## Work order
Since only the text is wanted, print every entry below exactly and omit the images.

(Stored entries)
┄┄┄┄┄┄
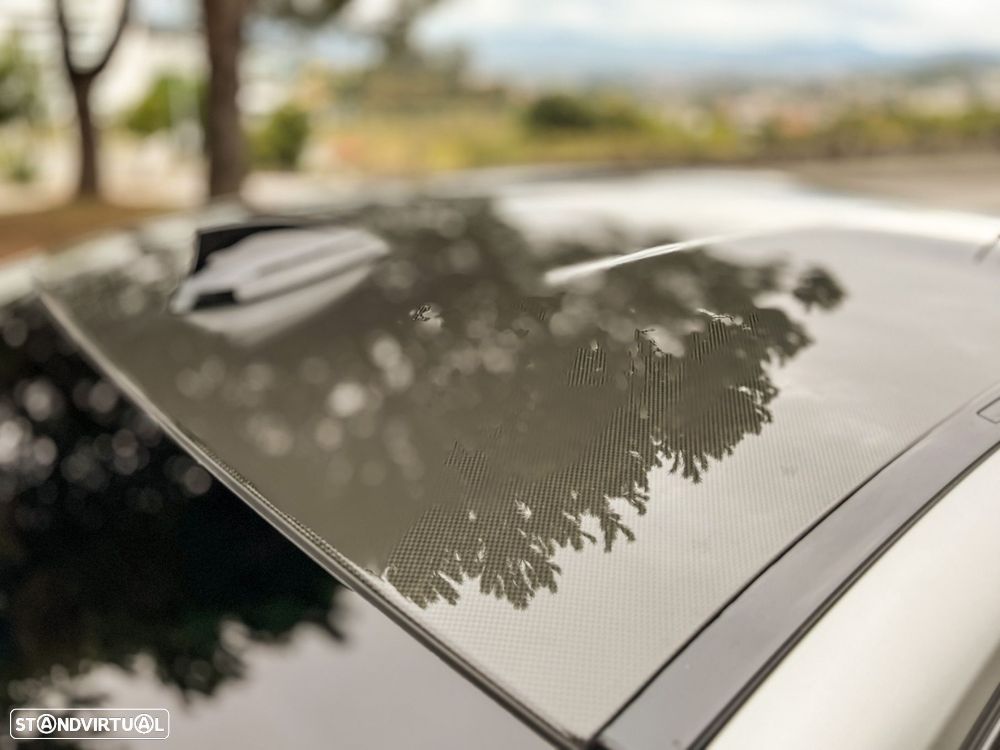 BMW M5 Standard - 56
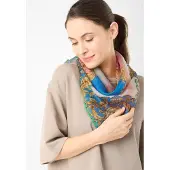Codello Tuch in blau | Gr.: onesize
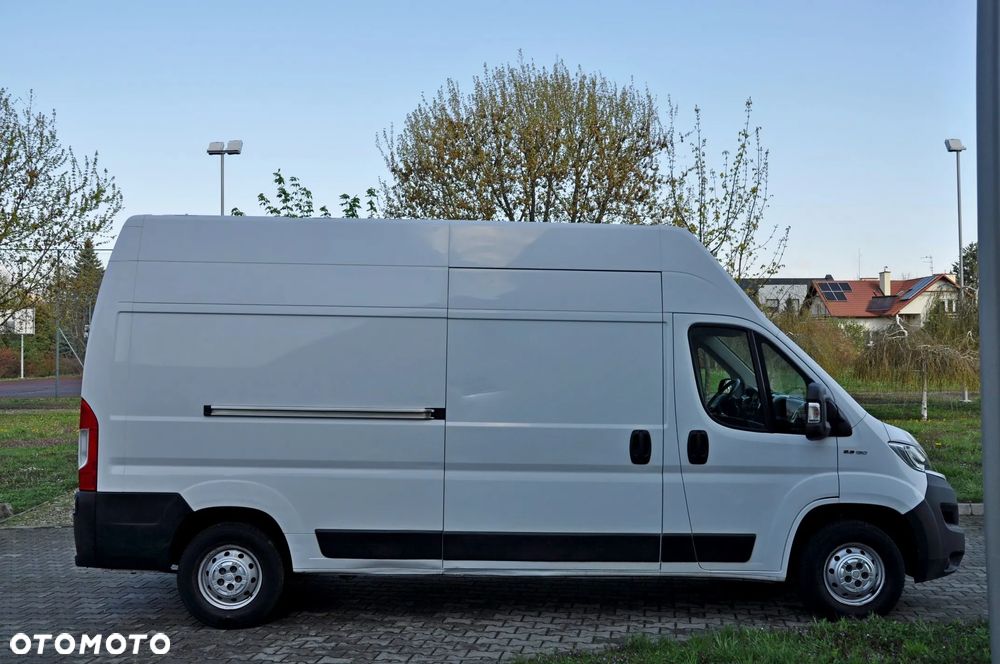 Fiat Ducato - 14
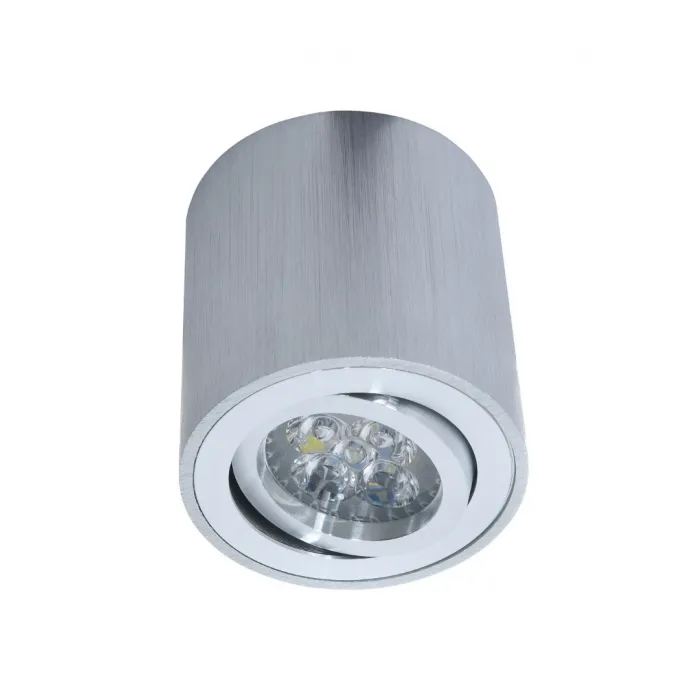 Накладной светильник Lumina Deco Bazel LDC 8059-D SL от ImperiumLoft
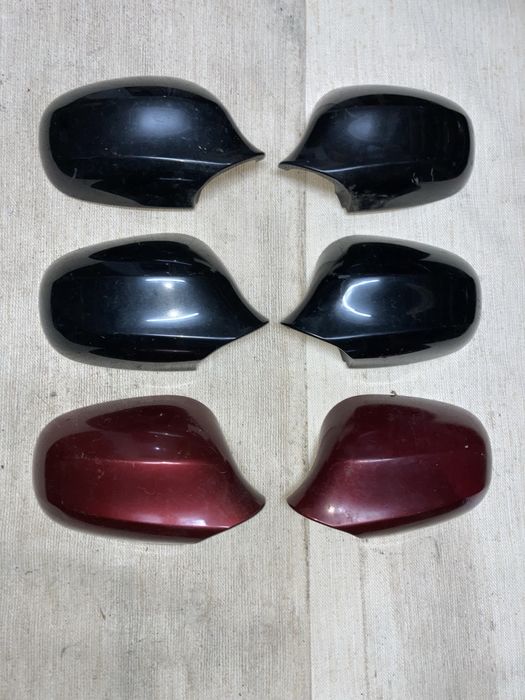 Capac oglinda Bmw E90 E91 facelift lci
┄┄┄┄┄┄
## Solution below
 BMW M5 Standard - 56
Codello Tuch in blau | Gr.: onesize
 Fiat Ducato - 14
 Накладной светильник Lumina Deco Bazel LDC 8059-D SL от ImperiumLoft
 Capac oglinda Bmw E90 E91 facelift lci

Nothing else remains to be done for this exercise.